Thompson believes that she can tell a story from her artwork and wants her audience to understand the narrative from the "symbolism objects and possible phrasing that are found within her work". Thompson is also "challenging limitations of what 'native art' should or should not be" with her work. In 2014 Thompson founded Makwa Studio, named after the Ojibwe word for bear, which represents her father's clan, and creates knitwear suitable to be worn by non-Native Americans.

== Artworks ==
- Family Portrait in this piece Thompson creates three panels that represent the blood quantum, which is "the percentage of Indian blood" within her family. In the first panel it shows that her father is seventy five percent filled, which is representing how much Indian blood he has. The panel to the right is her mother's panel which as no blood quantum filled in since Thompson's mother is Irish and German. The middle panel represents Thompson's blood quantum which shows that she is less than fifty percent Native American "which makes Thompson just three-eighths Ojibwe". This piece was created in 2012 using Rayon, wool and dye and was displayed in the Minneapolis Institute of Art, in the exhibit Fresh Water: Contemporary Native Artist from our Great Lakes from May 9, 2015, to February 21, 2016. Thompson's inspiration for this piece was her mixed heritage. Since she was always questioning herself, the question sparked her inspiration for this particular piece. Thompson considers herself to be White, coming from a father who's seventy-five percent Ojibwe and a mother who has no Native blood. Although she is less than fifty percent Native American, Thompson still identifies as being a Native American. The purpose of this piece allowed Thompson to explore and "question ideas and system of authenticity."

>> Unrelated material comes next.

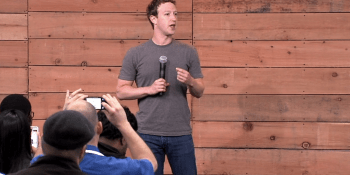 Mark Zuckerberg explains why Facebook is investing in artificial intelligence and virtual reality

Detail of On Loving (2022–2023), from the series Body Bag, at the Renwick Gallery in 2023

- Body Bag project was inspired by Thompson's father dying. The night he died, "watching the coroners carried him away in a simple solid-colored bag" inspired her to create a bag and give it more of a happy feeling. The theme of this piece is her grievance, loss of her father as well as exploring her Native Ojibwe heritage. This piece was displayed in the Freeborn County Arts Initiative. The body bag was created with black vinyl and is star quilt sewed out of vinyl including the color green, blue, red, orange, yellow, and white triangles in the center of the bag as well as wraps around the bag. This particular design is inspired by a star quilt that her mother gave her father when they married. Thompson created this for her father as a form of honoring her father as well as saying goodbye. The textiles represented "the contain memory to reflect and tell a difficult story".
- Assumptions is a piece in her collection Where I fit. Thompson explores her native heritage and clarifies some assumptions made by those who aren't Native American. The mixed media piece was created with bottle caps that are woven into an Ojibwe design. The purpose of this piece is to show how the stereotype of alcoholism has affected Native American culture.

== Exhibitions and collections ==
Thompson has a few pieces that are in the permanent collections of the Minnesota Historical Society. Her works have also been part of exhibitions at the Minnesota Museum of American Art, McKnight Foundation, Minneapolis Institute of Art (2015), and the Plains Art Museum (2015). She has also exhibited at the following locations:

- Where I fit, All My Relations Gallery, Minneapolis Minnesota, 2014
- On borrowed Time, Minnesota Textile Center, Minneapolis, MN
- For Love Alone Freeborn County Arts Initiative, Albert Lea, MN
- Forgiving our Fathers My Relations Arts, Minneapolis, MN, 2014

In 2023,
- "Sharing Honors and Burdens: Renwick Invitational 2023", Renwick Gallery Smithsonian Institution. May 26, 2023 - March 31, 2024.

== Honors and awards ==
In 2015 Thompson received the NACF Regional Artist Fellowship as well as the Minnesota State Arts Board Cultural Community Partnership Grant.